---------- Task input ----------
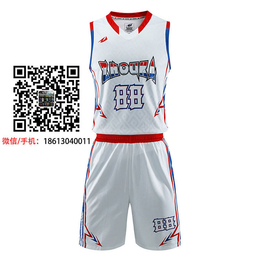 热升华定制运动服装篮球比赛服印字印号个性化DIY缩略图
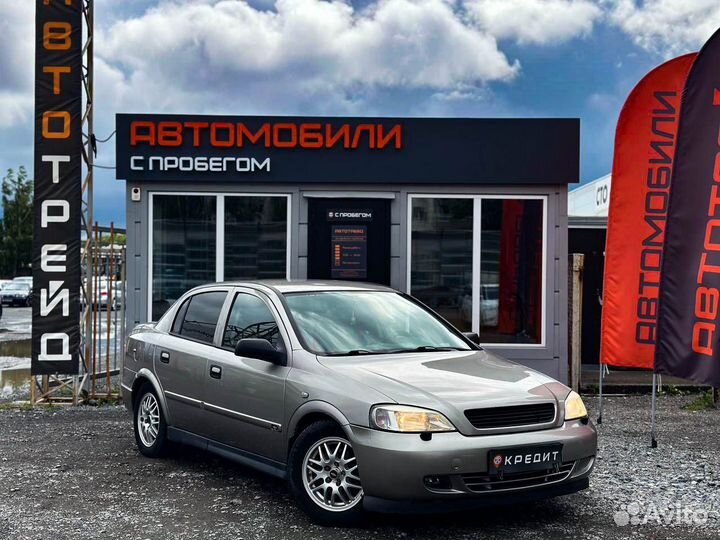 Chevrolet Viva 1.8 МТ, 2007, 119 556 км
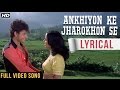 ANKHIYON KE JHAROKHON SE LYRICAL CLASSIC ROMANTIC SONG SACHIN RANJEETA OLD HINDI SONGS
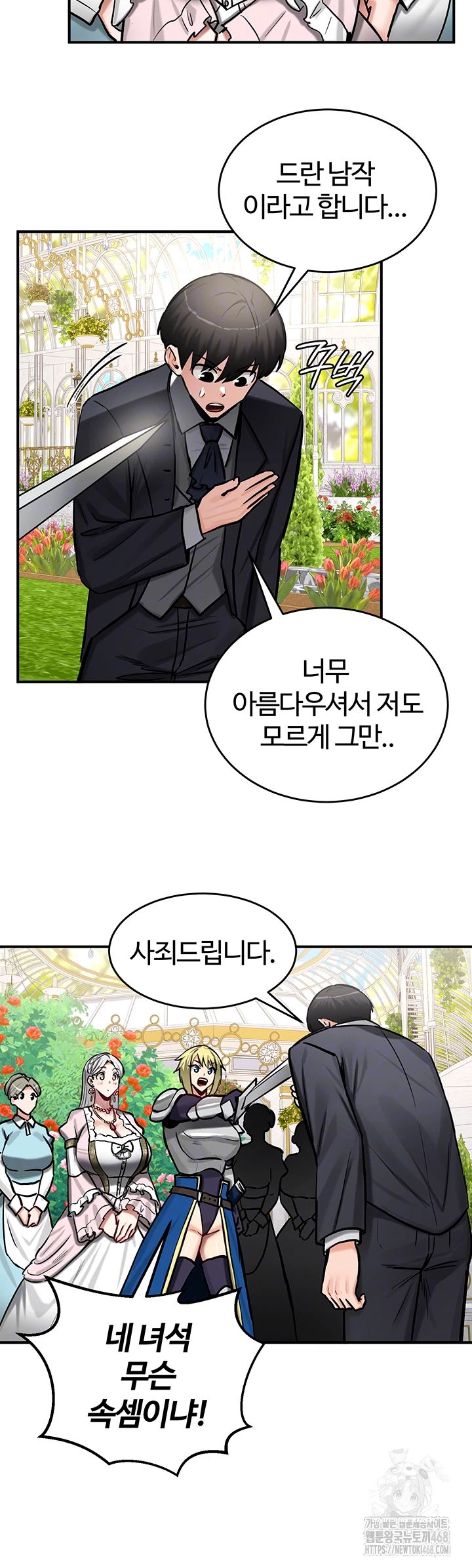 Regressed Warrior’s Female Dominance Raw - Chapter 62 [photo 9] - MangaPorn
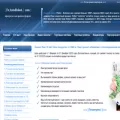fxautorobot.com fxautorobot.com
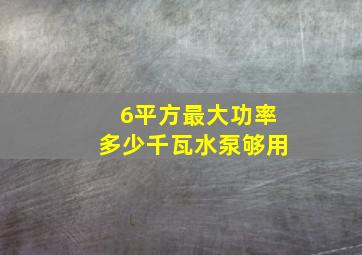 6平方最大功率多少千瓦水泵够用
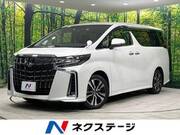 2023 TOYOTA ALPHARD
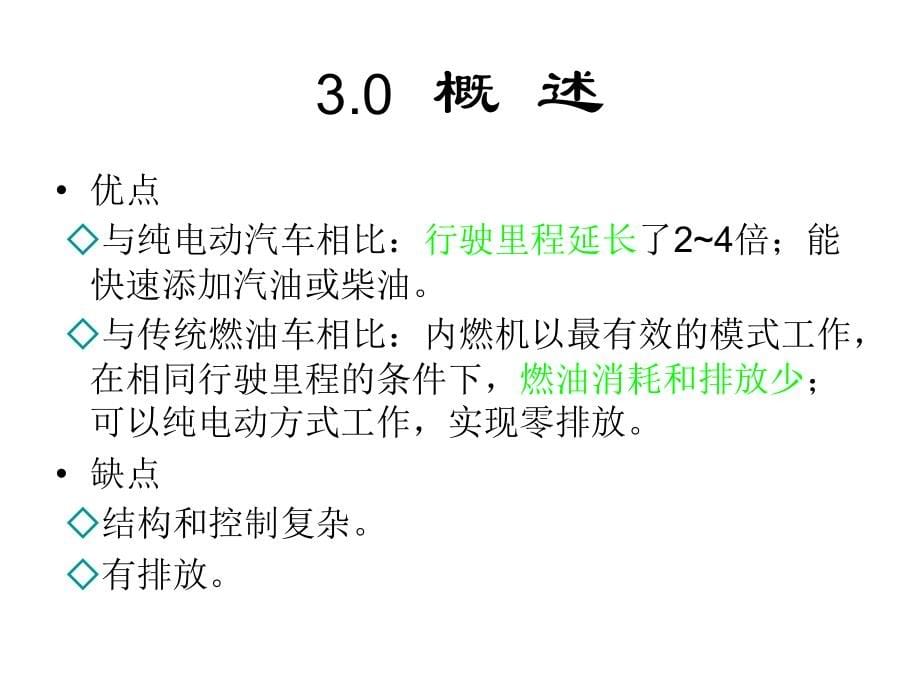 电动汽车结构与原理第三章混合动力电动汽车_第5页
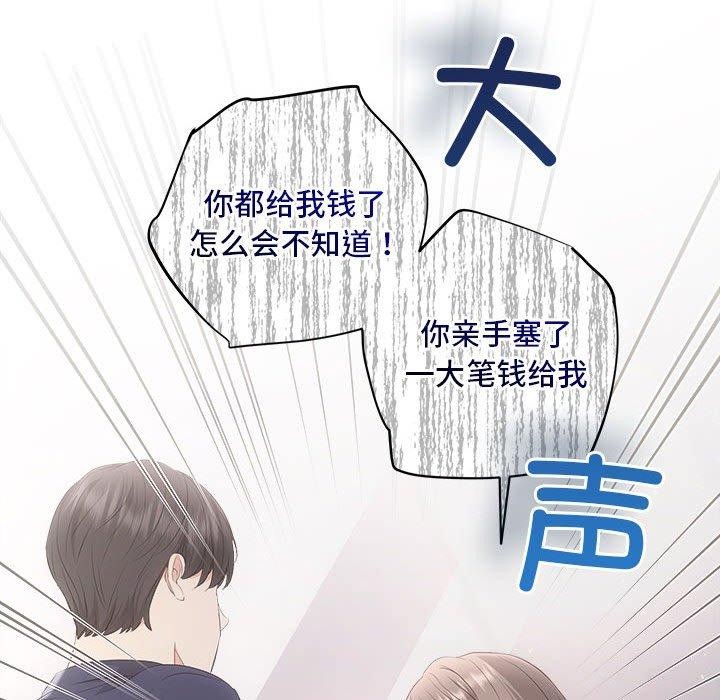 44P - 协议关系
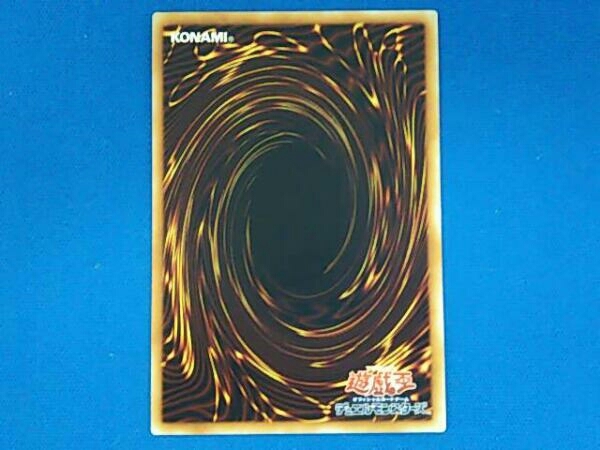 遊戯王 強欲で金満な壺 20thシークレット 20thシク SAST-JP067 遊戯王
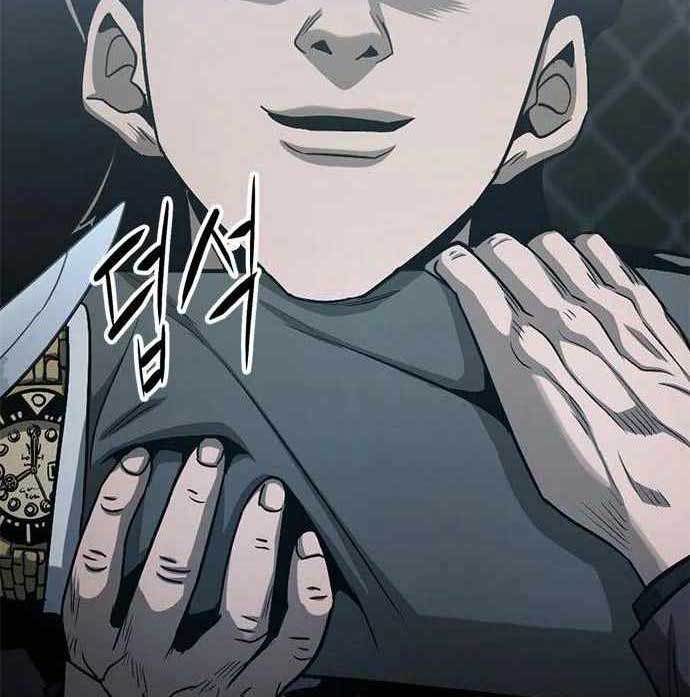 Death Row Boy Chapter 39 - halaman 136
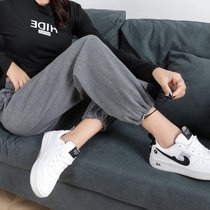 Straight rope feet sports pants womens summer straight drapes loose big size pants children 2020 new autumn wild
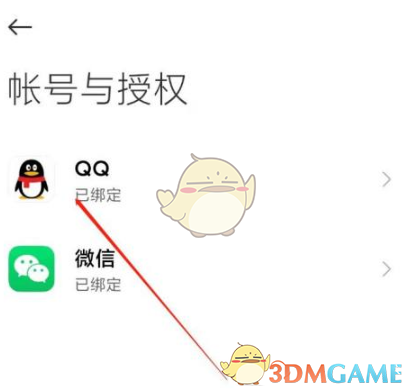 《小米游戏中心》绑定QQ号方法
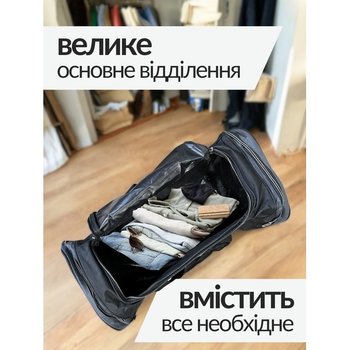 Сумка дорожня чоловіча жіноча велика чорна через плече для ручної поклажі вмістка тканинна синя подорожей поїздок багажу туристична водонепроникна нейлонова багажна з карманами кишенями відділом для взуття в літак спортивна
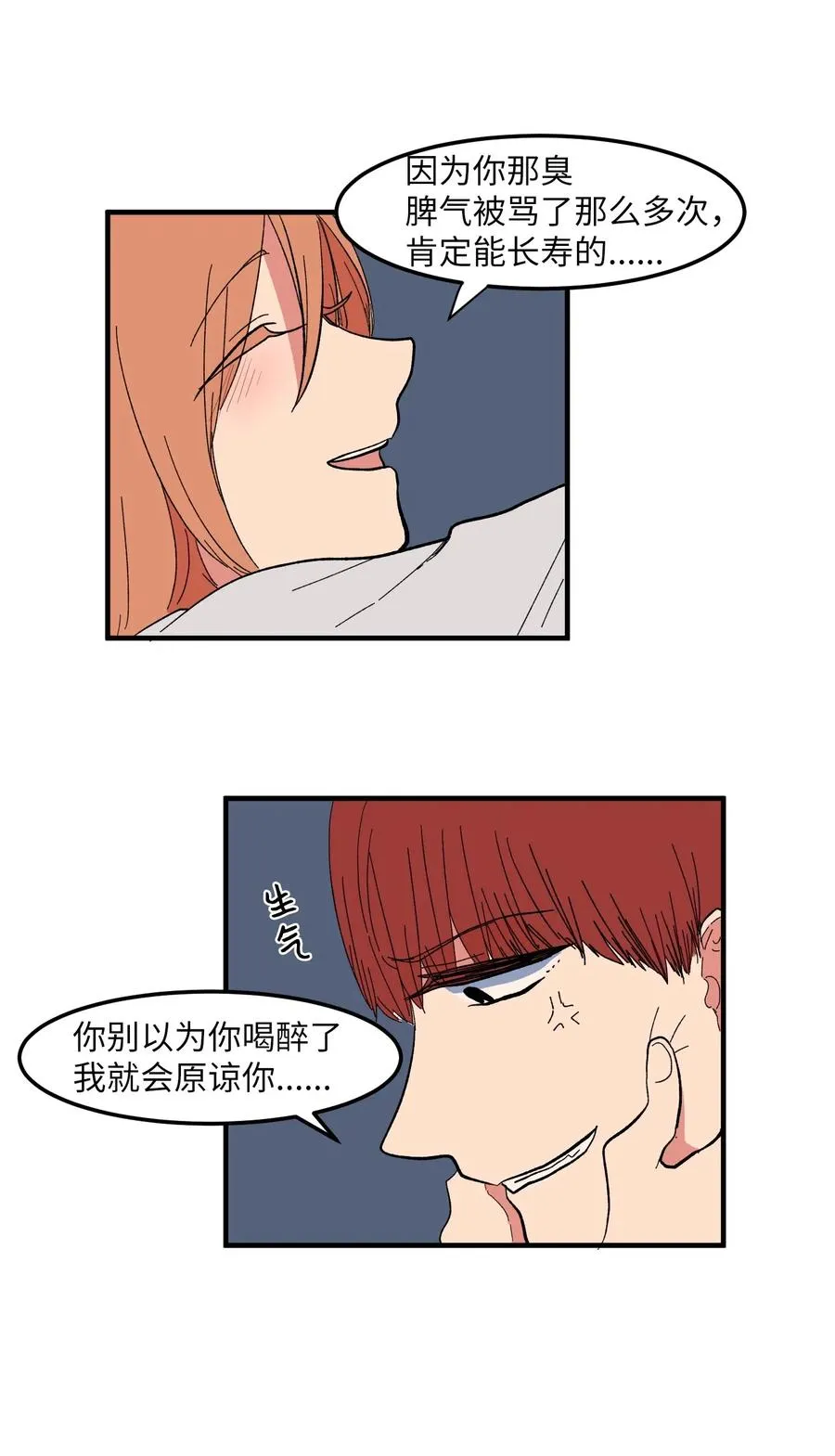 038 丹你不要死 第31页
----------
• What is being asked:
Only the lines from the one containing "Сумка дорожня чоловіча" through the final line of the data should be given again, exactly and without pictures.

• Answer to the problem:
 Сумка дорожня чоловіча жіноча велика чорна через плече для ручної поклажі вмістка тканинна синя подорожей поїздок багажу туристична водонепроникна нейлонова багажна з карманами кишенями відділом для взуття в літак спортивна
 038 丹你不要死 第31页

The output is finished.